Saved data entries
----
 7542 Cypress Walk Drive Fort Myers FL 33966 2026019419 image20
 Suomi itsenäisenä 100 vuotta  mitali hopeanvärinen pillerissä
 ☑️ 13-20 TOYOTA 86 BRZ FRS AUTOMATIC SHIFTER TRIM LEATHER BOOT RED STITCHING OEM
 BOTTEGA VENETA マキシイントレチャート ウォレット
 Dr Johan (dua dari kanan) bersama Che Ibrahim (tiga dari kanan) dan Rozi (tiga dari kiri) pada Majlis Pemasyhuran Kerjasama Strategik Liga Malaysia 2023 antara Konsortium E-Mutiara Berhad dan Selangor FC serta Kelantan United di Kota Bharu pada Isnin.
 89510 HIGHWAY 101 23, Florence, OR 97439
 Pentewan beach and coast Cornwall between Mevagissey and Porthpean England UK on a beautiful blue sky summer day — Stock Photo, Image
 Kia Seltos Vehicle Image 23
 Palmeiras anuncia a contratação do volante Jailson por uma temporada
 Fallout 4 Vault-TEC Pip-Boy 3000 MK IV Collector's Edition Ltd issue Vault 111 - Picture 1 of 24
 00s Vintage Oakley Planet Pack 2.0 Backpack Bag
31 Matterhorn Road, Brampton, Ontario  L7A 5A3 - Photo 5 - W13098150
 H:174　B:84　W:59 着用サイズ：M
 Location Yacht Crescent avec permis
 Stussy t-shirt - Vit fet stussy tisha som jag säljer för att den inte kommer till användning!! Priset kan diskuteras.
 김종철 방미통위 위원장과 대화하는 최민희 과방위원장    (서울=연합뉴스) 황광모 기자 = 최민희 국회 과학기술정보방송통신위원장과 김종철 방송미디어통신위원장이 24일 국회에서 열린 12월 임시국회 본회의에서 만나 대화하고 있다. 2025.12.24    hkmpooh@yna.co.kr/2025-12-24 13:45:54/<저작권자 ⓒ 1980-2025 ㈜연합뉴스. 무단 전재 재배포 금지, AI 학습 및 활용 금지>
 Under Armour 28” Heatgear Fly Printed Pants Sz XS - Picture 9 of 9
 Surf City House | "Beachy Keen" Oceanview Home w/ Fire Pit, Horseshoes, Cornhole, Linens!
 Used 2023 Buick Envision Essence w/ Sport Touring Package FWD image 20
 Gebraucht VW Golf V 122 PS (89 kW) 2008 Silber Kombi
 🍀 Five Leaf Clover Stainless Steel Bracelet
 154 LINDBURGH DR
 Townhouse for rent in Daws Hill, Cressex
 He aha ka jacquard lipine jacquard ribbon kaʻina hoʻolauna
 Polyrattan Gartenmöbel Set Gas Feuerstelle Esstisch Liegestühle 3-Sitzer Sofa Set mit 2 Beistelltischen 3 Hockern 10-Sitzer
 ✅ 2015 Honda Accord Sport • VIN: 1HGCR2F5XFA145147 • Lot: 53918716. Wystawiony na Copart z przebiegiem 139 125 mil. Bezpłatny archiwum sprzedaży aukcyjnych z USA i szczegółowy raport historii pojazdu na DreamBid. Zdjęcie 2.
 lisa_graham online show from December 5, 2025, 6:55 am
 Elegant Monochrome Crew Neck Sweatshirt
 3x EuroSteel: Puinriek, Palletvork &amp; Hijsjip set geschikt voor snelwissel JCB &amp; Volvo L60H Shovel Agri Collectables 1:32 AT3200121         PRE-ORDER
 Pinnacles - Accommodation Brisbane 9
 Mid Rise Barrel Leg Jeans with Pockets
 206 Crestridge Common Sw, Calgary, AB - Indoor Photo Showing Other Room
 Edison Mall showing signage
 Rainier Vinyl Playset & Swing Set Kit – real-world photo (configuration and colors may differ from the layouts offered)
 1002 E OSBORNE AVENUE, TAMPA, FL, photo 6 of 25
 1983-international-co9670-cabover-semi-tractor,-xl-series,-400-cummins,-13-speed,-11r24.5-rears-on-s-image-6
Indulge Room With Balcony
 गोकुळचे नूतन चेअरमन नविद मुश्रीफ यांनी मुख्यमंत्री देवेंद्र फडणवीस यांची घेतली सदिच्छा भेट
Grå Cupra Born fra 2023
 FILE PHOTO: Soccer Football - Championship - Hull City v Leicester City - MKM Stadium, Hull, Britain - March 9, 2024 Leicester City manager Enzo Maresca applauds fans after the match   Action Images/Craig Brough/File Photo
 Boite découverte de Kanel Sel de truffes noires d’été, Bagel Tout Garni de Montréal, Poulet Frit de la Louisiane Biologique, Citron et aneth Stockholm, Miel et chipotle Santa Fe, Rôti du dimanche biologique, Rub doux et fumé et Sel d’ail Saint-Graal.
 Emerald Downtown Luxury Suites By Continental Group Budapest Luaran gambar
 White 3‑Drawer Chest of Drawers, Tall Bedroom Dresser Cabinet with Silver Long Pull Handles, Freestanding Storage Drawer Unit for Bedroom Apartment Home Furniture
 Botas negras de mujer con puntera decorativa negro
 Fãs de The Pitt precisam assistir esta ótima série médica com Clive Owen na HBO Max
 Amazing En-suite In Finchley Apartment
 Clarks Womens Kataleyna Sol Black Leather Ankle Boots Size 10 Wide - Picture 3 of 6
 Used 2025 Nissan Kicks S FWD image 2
----
Set down exactly what runs from the line with "FILE PHOTO: Soccer" to the last line of the data above, including both of those lines and no others.

 FILE PHOTO: Soccer Football - Championship - Hull City v Leicester City - MKM Stadium, Hull, Britain - March 9, 2024 Leicester City manager Enzo Maresca applauds fans after the match   Action Images/Craig Brough/File Photo
 Boite découverte de Kanel Sel de truffes noires d’été, Bagel Tout Garni de Montréal, Poulet Frit de la Louisiane Biologique, Citron et aneth Stockholm, Miel et chipotle Santa Fe, Rôti du dimanche biologique, Rub doux et fumé et Sel d’ail Saint-Graal.
 Emerald Downtown Luxury Suites By Continental Group Budapest Luaran gambar
 White 3‑Drawer Chest of Drawers, Tall Bedroom Dresser Cabinet with Silver Long Pull Handles, Freestanding Storage Drawer Unit for Bedroom Apartment Home Furniture
 Botas negras de mujer con puntera decorativa negro
 Fãs de The Pitt precisam assistir esta ótima série médica com Clive Owen na HBO Max
 Amazing En-suite In Finchley Apartment
 Clarks Womens Kataleyna Sol Black Leather Ankle Boots Size 10 Wide - Picture 3 of 6
 Used 2025 Nissan Kicks S FWD image 2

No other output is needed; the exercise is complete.